GERMANY, SWITZERLAND AND AUSTRIA

* Scope Ratings downgraded Deutsche Bank AG's issuer rating and senior preferred debt rating to BBB from BBB+, reflecting the agency's view that high costs and regulatory scandals have left the German bank facing a steep path on the road to achieving sustainable profitability.

* Speaking at a New York conference, Deutsche Bank CEO Christian Sewing said he wants to keep a "substantial" business in the U.S. for private, corporate and institutional clients and did not mention details of planned cuts in its investment banking unit in the country, Handelsblatt wrote.

* Norddeutsche Landesbank Girozentrale's first-quarter consolidated profit rose to €54 million from the adjusted €43 million in the same period in 2018. The German shipping lender further reduced costs and total assets over the quarter, in line with its ongoing restructuring, but is still waiting on final regulatory approval for its state-backed recapitalzation.

* German prosecutors will provide broader details of how several global financial institutions used a dividend-stripping technique to help clients avoid taxes, insiders told Bloomberg News. The banks reportedly include M.M.Warburg & CO (AG & Co.) KGaA, Deutsche Bank, BNP Paribas SA, Société Générale SA and Merrill Lynch & Co. The case, said to be the most advanced in the cum-ex tax probe, covers losses of as much as €447.5 million for the government.

* UBS Group AG Chief Compliance Officer Markus Ronner said the Swiss lender expects regulatory costs to remain substantial over the coming years but would be lower than high levels it has incurred since 2014, Reuters reported. UBS expects regulatory expenses to be approximately CHF700 million annually.

* A U.S. court of appeals acquitted UBS Group in the case of collapsed energy firm Enron Corp., with judges in a class action filed by investors concluding that the Swiss bank cannot be held responsible for losses from Enron shares, Bloomberg reported.

* Landesbank Hessen-Thüringen Girozentrale reported first-quarter consolidated net profit of €42 million, down 19.2% year over year.

* Austrian financial market supervisory authority FMA significantly restricted trade of two risky financial products for retail investors by prohibiting marketing, distribution and sale of binary options and limiting contract for difference deals.

FRANCE AND BENELUX

* French prudential regulator ACPR has called on banks in the country to speed up their restructuring process in order to maintain their profitability, Les Echos wrote.

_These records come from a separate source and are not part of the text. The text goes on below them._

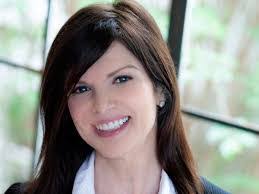 Olga Warren's Instagram, Twitter & Facebook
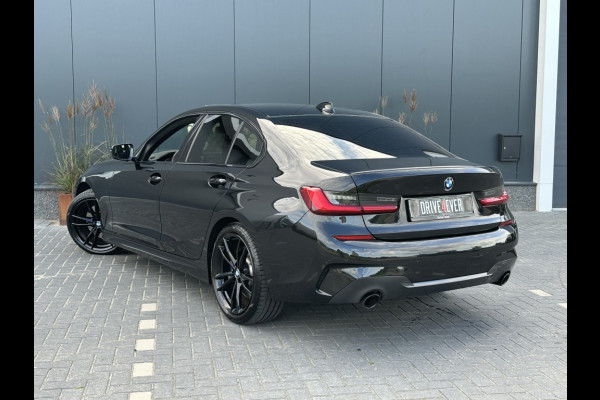 BMW 3-serie 330i M PACK M2020 PANO NAVI SPORTVELGEN CLIMATE PDC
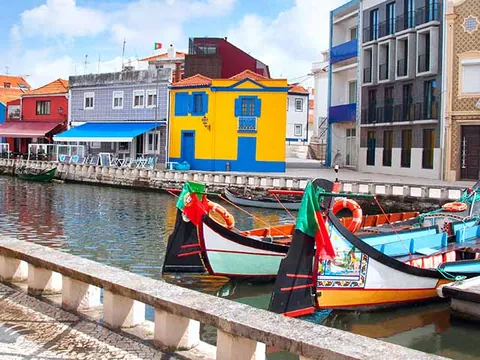 paseo en barco Canales Moliceiro Aveiro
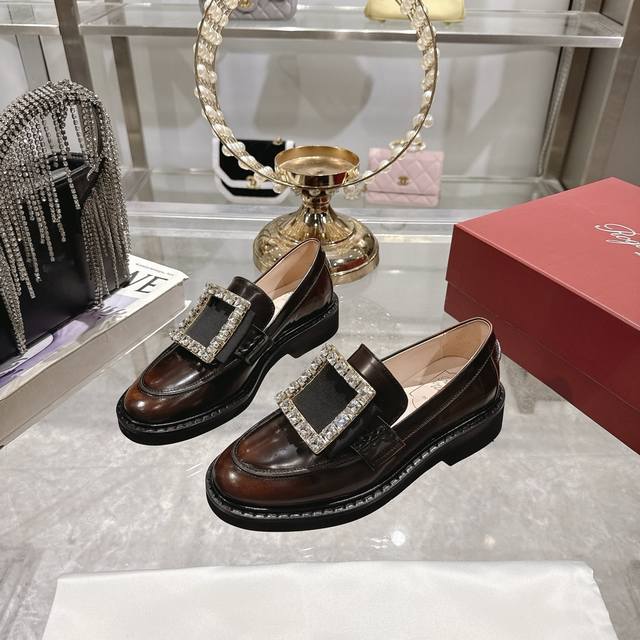 出厂 市面最高版 Roger Vivier 』25新款新色经典铜扣和钻扣单鞋购入原版1:1打造复刻，复制出与原版无差别的对比刘雯 唐嫣众多明星上脚，无论搭配裙装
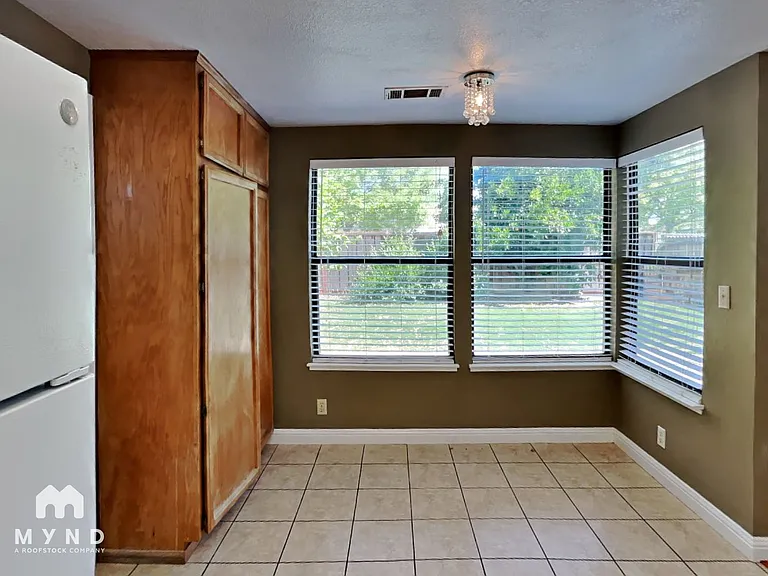 4721 Shannondale Dr — Photo 6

* Bernard Delas, head of France's Autorité de Contrôle Prudentiel et de Résolution, or ACPR, has called on Scor SE and SGAM Covéa to resolve their conflict and reach an amicable agreement to ensure financial stability, Reuters wrote. The France-based companies have been embroiled in a heated dispute for months after Scor rejected Covéa's offer to buy the reinsurer.

SPAIN AND PORTUGAL

* Spanish midsize lender Liberbank SA's shares rose 5.5% yesterday following a report that rival ABANCA Corporación Bancaria SA was close to making a bid for the bank.

* António Tomás Correia, president of the mutual association that owns Portugal's Caixa Económica Montepio Geral SA, condemned the Portuguese central bank's recent decision to fine him €1.25 million for failings during his time as CEO of the savings bank, Jornal de Negócios reported. Separately, Tomás Correia called for further investigation into the Boat Carvela debt operation involving Credit Suisse that caused the state lender losses of €340 million.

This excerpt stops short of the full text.